Most newer copper HDMI cables reach around 15 to 25 ft (5 to 7.5 m). HDMI cables made with fiber optic can reach much farther. On average, fiber optic HDMI cables can reach around 50 to 200 ft (15 to 60 m).

Below are the three types of copper HDMI cables with their average length limits and resolutions they can handle at their max cable length:

Max Length of Copper HDMI Cables
Type Max Cable Length Speed Supported Resolutions
Standard HDMI 49 ft (15 m) < 10 Gb/s 720p 60 Hz | 1080i 60 Hz
High Speed HDMI 15–25 ft (5–7.5 m) 18 Gb/s 1080p 60 Hz | 4K 30 Hz
Ultra High Speed HDMI 10–15 ft (3–5 m) 48 Gb/s 4K | 5K | 8K | 10K 120 Hz

Why HDMI Cables Have a Max Length

Most HDMI cables are made of copper, limiting the cable's length because it loses signal strength the farther it reaches.
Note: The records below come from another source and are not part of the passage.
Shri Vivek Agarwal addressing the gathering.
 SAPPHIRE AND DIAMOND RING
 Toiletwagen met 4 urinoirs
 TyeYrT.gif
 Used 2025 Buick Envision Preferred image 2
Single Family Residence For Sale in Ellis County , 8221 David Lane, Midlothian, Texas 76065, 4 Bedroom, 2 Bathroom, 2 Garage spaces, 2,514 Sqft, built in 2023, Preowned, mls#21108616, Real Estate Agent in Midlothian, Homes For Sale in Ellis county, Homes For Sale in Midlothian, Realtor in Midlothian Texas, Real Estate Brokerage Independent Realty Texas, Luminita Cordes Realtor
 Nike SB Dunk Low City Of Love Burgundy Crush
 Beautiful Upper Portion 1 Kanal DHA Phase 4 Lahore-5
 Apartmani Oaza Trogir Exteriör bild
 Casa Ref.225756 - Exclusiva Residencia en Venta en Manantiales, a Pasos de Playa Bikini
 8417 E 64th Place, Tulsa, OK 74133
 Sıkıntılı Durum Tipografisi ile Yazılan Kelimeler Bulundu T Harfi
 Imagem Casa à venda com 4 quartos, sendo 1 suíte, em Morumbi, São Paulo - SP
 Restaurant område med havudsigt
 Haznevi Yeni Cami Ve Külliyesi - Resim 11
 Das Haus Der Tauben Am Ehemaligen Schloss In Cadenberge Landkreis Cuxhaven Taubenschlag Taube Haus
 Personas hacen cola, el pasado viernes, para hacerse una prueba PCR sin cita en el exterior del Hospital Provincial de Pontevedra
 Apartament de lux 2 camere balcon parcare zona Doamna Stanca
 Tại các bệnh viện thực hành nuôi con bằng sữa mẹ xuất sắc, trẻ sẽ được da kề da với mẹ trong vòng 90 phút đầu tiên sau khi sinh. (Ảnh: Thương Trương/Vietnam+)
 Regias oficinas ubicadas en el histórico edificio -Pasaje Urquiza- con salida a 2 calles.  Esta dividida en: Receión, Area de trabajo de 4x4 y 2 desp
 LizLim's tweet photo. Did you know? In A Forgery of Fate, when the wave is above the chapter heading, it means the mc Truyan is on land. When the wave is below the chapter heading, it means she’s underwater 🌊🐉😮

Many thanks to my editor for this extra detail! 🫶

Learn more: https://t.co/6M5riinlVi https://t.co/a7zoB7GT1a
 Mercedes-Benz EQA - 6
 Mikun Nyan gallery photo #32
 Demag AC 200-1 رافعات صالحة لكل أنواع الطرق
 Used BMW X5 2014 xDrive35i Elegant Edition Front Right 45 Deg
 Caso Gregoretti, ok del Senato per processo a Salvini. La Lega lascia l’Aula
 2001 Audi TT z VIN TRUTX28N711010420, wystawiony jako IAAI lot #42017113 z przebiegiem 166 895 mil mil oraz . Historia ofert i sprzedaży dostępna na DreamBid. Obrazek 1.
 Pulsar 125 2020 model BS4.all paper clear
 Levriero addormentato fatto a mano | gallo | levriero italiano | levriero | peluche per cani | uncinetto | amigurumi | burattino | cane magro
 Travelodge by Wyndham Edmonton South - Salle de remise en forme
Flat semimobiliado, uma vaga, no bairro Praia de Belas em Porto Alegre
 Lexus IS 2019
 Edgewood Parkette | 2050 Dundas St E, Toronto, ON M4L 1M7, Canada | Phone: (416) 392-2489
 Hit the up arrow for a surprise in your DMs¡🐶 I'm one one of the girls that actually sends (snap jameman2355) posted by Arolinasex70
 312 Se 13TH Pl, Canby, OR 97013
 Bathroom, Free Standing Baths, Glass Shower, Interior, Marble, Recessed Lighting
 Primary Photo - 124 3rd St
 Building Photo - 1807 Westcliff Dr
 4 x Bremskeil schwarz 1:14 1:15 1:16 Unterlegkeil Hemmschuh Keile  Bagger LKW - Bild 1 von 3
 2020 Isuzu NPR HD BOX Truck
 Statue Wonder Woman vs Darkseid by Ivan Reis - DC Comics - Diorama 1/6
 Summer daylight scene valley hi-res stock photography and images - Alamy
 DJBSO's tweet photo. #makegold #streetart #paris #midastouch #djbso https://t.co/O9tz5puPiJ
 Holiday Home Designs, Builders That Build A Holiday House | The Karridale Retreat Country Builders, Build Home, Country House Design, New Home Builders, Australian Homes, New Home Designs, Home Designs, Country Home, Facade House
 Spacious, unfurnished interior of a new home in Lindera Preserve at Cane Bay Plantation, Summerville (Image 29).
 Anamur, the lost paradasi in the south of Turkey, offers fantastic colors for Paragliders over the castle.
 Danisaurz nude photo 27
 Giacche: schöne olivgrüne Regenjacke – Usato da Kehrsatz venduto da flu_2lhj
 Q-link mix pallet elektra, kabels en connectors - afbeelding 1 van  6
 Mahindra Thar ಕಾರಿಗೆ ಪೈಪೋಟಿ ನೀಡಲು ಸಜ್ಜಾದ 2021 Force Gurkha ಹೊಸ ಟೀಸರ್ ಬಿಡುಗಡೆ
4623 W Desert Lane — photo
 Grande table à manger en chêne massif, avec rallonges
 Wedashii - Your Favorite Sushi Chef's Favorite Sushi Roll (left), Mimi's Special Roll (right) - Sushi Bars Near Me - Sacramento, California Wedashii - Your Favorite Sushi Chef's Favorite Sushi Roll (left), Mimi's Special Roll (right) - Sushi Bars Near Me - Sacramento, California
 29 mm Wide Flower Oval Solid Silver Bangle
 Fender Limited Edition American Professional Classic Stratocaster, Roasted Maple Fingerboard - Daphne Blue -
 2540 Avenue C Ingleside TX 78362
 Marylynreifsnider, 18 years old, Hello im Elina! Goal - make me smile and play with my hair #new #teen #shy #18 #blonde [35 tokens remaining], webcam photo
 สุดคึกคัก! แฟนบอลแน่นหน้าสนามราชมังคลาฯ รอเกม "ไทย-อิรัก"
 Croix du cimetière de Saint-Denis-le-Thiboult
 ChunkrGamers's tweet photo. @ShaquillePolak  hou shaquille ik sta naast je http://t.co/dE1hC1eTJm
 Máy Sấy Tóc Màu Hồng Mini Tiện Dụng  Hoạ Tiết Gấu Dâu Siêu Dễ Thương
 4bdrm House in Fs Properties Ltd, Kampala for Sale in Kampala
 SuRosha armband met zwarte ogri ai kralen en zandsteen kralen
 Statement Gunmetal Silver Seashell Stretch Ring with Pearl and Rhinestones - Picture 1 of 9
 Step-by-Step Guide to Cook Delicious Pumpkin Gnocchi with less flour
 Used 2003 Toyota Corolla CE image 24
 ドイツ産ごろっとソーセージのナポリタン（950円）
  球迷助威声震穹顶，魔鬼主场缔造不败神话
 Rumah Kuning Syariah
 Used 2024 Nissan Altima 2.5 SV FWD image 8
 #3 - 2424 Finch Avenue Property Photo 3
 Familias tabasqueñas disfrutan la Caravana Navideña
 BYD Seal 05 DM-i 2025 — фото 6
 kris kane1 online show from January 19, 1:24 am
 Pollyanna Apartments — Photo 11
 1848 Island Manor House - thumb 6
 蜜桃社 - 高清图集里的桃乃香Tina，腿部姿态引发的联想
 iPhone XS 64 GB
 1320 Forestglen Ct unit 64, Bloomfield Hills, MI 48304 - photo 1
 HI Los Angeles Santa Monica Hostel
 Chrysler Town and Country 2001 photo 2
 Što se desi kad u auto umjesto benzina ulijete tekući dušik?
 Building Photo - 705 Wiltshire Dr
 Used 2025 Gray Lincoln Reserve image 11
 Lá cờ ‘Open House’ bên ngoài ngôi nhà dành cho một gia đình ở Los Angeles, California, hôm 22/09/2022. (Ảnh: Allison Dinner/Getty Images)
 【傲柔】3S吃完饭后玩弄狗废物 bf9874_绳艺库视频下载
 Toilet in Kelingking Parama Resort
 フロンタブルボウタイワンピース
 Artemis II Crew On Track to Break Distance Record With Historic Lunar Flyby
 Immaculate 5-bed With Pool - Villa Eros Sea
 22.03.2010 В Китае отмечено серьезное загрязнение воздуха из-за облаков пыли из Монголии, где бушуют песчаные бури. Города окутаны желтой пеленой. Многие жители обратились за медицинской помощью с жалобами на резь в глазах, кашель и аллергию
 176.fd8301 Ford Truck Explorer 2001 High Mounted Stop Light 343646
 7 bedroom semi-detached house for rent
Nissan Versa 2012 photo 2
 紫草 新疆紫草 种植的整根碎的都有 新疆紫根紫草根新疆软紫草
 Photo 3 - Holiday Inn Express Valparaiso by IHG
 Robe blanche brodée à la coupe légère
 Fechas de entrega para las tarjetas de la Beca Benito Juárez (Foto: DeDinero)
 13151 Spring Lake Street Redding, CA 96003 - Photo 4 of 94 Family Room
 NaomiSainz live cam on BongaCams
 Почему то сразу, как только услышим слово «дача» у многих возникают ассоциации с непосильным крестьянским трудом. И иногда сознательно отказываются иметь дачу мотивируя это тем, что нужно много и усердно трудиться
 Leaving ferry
Signal loss can happen with cables made of other materials also. This signal loss (attenuation) is measured in decibels per distance—the greater the distance, the more signal loss.

The signal level may not be high enough if an HDMI cable is too long due to too much attenuation. If you need to support a longer distance, you'll need an extender, repeater, or fiber optic HDMI cable. Otherwise, you will need to find a way to use a shorter HDMI cable.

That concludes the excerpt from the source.